Наконец, деревья расступились, и я к своему великому удивлению увидел обширную поляну, скорее даже вырубку, на которой расположилось нечто вроде небольшого посёлка – десяток рубленых домов с плоскими крышами, почему-то поставленных на сваи. Дома эти выстроились в один ряд по противоположной от нас кромке леса. Ещё два подобных жилища стояли поперёк общего ряда по обоим концам вырубки.
Посреди поляны два человека рубили толстый ствол дерева и строгали доски, мастеря какой-то продолговатый ящик. Юли удивлённо посмотрела на меня. Отвечая на её безмолвный вопрос, я решительно вышел из кустов, и направился к незнакомцам. Они не сразу заметили нас. Лишь, когда мы приблизились к ним на несколько шагов, один из них – невысокий, загорелый детина с широким добродушным лицом и маленькими голубыми глазками – изумлённо уставился на меня, словно не понимая, откуда я здесь взялся. Но когда он перевёл взгляд на Юли, его челюсть совсем отвисла от удивления. Не спуская с Юли жадного взгляда, голубоглазый протянул руку в сторону, нащупывая плечо своего товарища. Наконец, он дотянулся до спины второго, обтянутой просолённой от пота клетчатой рубахой, и легонько похлопал по ней ладонью. Его напарник неохотно повернулся, явно не довольный тем, что его отрывают от работы, но заметив нас, он сразу же опустил на землю увесистый вибротопор. Окинув меня скептическим взглядом, человек в клетчатой рубахе негромко присвистнул.
Теперь я мог хорошенько рассмотреть и его.

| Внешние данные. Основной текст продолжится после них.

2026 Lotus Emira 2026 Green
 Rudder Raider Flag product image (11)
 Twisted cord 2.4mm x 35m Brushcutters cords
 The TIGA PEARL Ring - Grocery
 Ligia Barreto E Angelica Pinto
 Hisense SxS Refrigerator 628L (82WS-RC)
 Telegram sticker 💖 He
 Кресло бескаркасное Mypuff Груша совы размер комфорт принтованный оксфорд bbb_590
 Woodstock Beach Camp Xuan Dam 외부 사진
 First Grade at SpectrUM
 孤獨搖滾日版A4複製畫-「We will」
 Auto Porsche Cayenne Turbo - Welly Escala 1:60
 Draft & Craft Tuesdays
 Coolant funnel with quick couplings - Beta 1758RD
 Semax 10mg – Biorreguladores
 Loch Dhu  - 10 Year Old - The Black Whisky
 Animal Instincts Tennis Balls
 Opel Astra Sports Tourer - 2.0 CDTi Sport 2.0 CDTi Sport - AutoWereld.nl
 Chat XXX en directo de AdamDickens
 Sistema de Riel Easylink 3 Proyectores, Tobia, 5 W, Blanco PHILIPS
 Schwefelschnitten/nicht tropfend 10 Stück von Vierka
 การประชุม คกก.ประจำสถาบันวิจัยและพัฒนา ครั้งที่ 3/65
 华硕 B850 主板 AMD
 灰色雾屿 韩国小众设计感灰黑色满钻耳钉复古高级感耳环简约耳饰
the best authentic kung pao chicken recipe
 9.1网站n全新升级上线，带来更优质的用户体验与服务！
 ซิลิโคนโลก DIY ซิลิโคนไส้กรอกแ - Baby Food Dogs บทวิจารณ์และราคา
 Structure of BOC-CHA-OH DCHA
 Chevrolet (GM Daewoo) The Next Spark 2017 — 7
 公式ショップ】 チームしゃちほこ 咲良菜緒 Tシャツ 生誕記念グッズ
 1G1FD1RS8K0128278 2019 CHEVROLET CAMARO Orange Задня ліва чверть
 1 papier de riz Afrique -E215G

Это был человек средних лет, худощавый и высокий, с суровым лицом, которое, несмотря на плотный медный загар, отдавало нездоровой бледностью. Тёмные глаза его болезненно блестели. Так мы стояли минут пять, молча, разглядывая друг друга. Потом откуда-то, словно вырастая из земли, стали появляться другие люди, обступая нас с Юли со всех сторон. И вскоре вокруг образовалось плотное кольцо из крепких мужчин, одетых кто во что, небритых, сильно загорелых и пахнущих потом. Все молчали, с нескрываемым любопытством разглядывая нас, как будто мы были какими-то диковинными животными. Под напором нескольких десятков горящих мужских глаз, Юли даже потупилась и зарделась до кончиков ушей. Взглянула на меня просительно и жалобно, как-будто говоря: ну, сделай же что-нибудь!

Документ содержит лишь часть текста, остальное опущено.